TASK DESCRIPTION =
Please return only the lines between the line with "Svein 80 cm" and the final line of the entries, both included, and exclude pictures.

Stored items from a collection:

= Beginning of Section =

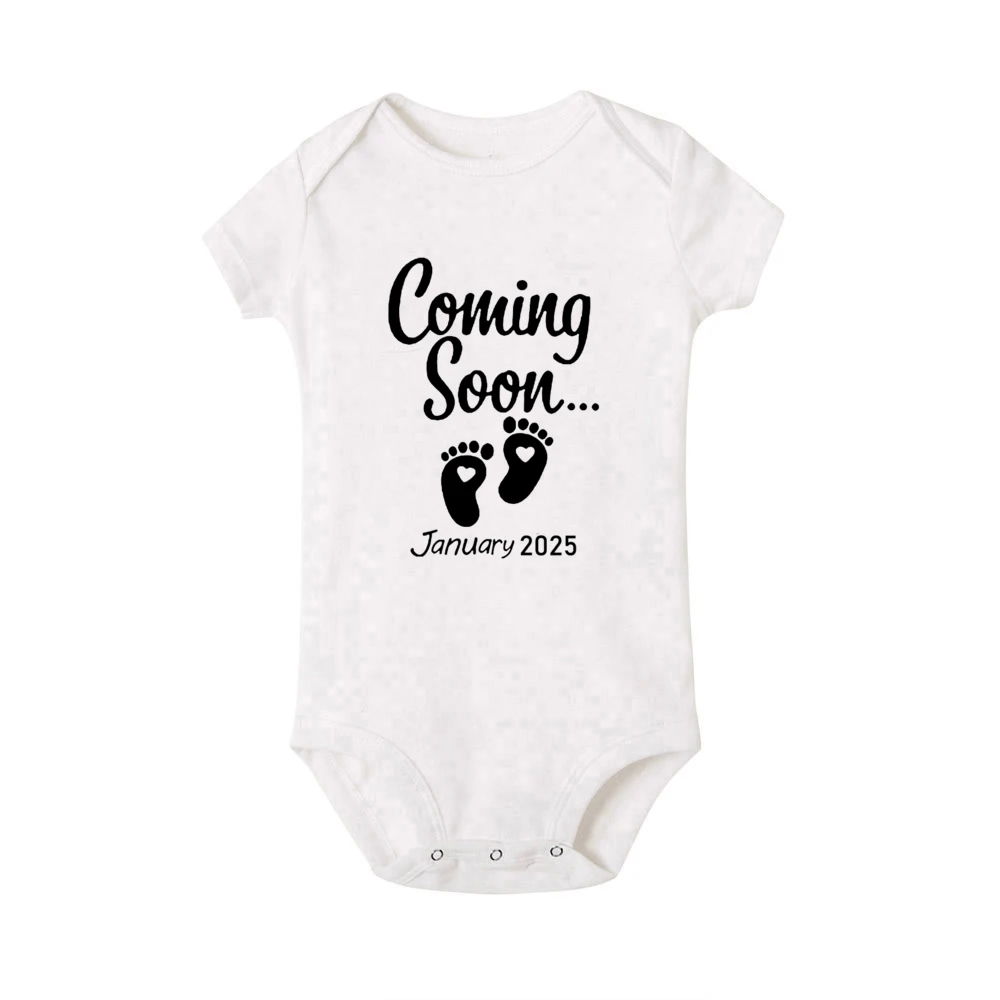 Baby Coming Soon 2025 Baby Announcement Newborn Bodysuit Summer Baby Romper Pregnancy Reveal Clothes Girls Boys Jumpsuit Outfits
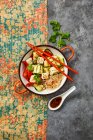 Char-grilled Tofu Noodle Bowl — Stock Photo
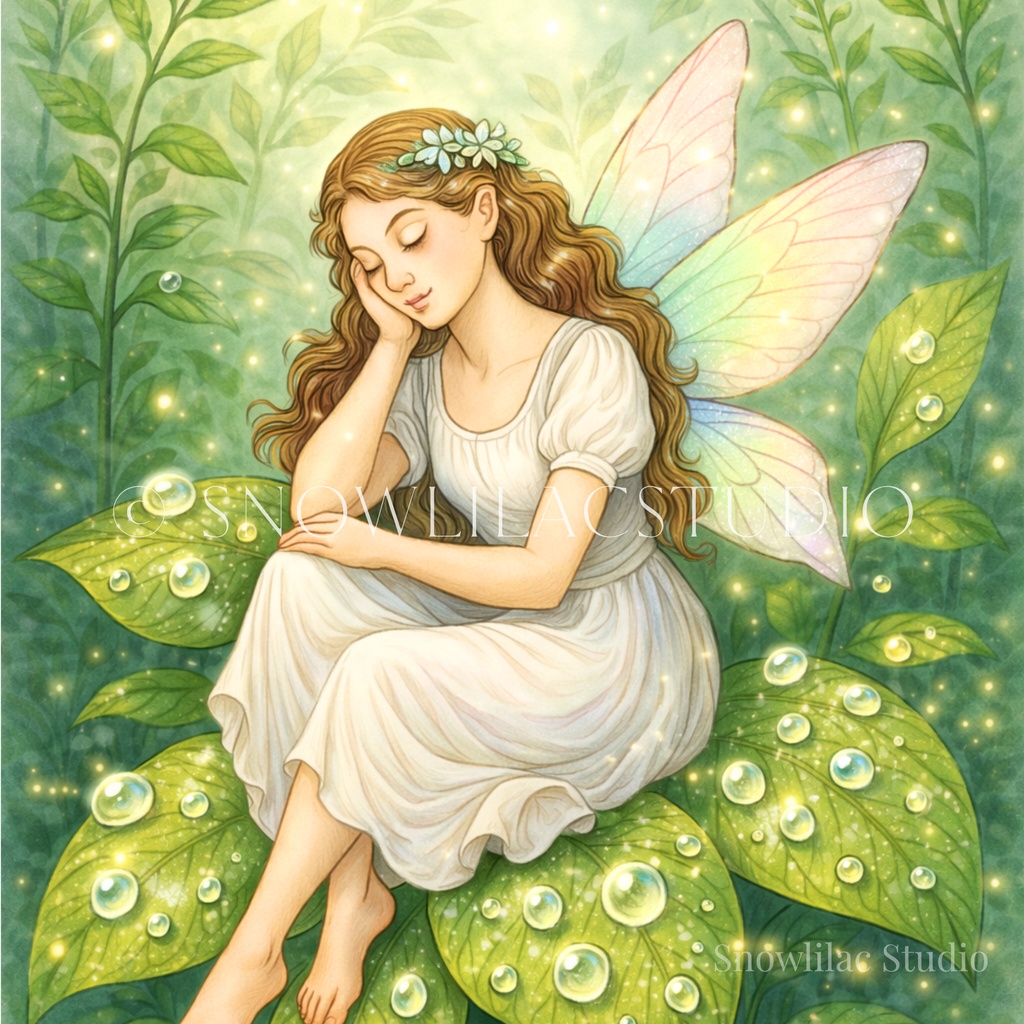 露に濡れた葉の上で眠る妖精 - デジタルアート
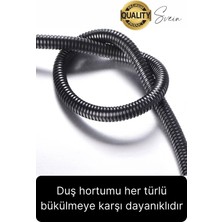 Svein 80 cm Siyah Kısa Tepe Ara Duş Hortumu Spiral Robot Bağlantı Örgü Dayanıklı Kopmaz Patlamaz Sızdırmaz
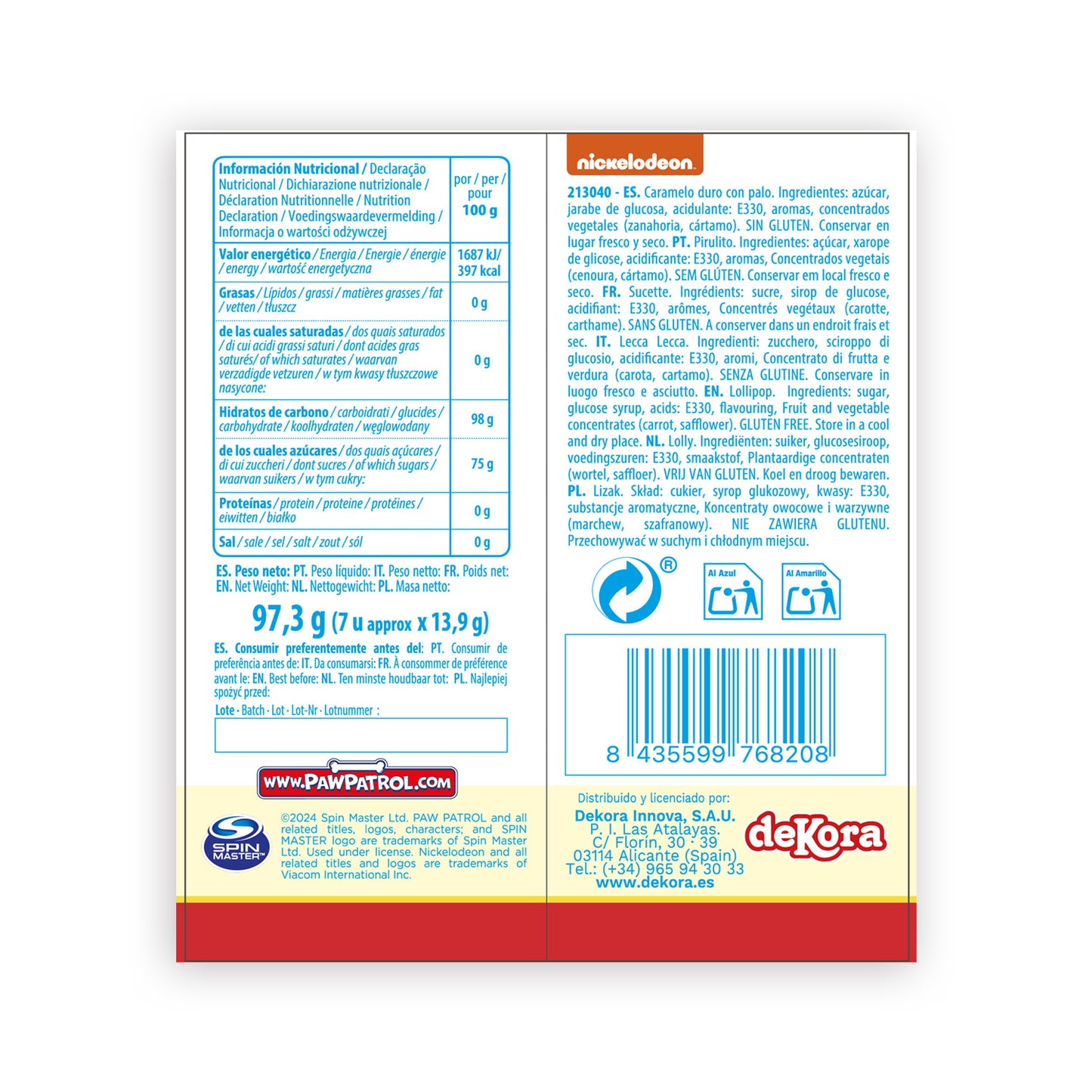 LECCA LECCA A FORMA DI CUORE PAW PATROL 13,9GR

= End of Section =

TASK ANSWER =
 Svein 80 cm Siyah Kısa Tepe Ara Duş Hortumu Spiral Robot Bağlantı Örgü Dayanıklı Kopmaz Patlamaz Sızdırmaz
 LECCA LECCA A FORMA DI CUORE PAW PATROL 13,9GR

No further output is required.